WHAT TO PRODUCE: Search the data below for the word "Wyndham" and copy each line that holds it.
___ DATASET CONTENT
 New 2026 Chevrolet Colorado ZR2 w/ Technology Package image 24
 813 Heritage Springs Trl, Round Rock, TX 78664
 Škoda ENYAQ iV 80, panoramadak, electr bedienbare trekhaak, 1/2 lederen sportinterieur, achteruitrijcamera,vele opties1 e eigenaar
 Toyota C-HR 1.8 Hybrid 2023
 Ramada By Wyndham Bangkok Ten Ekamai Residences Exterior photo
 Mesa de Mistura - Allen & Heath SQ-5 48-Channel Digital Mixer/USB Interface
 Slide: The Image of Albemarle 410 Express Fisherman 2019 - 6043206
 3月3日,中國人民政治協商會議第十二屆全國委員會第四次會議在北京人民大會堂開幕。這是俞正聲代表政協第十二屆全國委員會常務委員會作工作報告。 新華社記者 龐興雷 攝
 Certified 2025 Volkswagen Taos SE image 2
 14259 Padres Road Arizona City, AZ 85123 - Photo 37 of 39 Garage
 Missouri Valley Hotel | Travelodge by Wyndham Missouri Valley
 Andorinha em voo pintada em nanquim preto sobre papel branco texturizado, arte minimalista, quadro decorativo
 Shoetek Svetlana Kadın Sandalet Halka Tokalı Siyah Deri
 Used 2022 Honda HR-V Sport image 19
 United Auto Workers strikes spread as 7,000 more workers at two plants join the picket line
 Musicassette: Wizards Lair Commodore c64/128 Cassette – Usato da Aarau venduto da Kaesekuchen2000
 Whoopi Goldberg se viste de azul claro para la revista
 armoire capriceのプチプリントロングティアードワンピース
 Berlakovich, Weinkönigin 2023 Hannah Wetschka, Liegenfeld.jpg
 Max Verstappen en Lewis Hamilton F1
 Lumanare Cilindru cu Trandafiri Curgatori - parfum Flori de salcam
______
WRITTEN REPLY:
 Ramada By Wyndham Bangkok Ten Ekamai Residences Exterior photo
 Missouri Valley Hotel | Travelodge by Wyndham Missouri Valley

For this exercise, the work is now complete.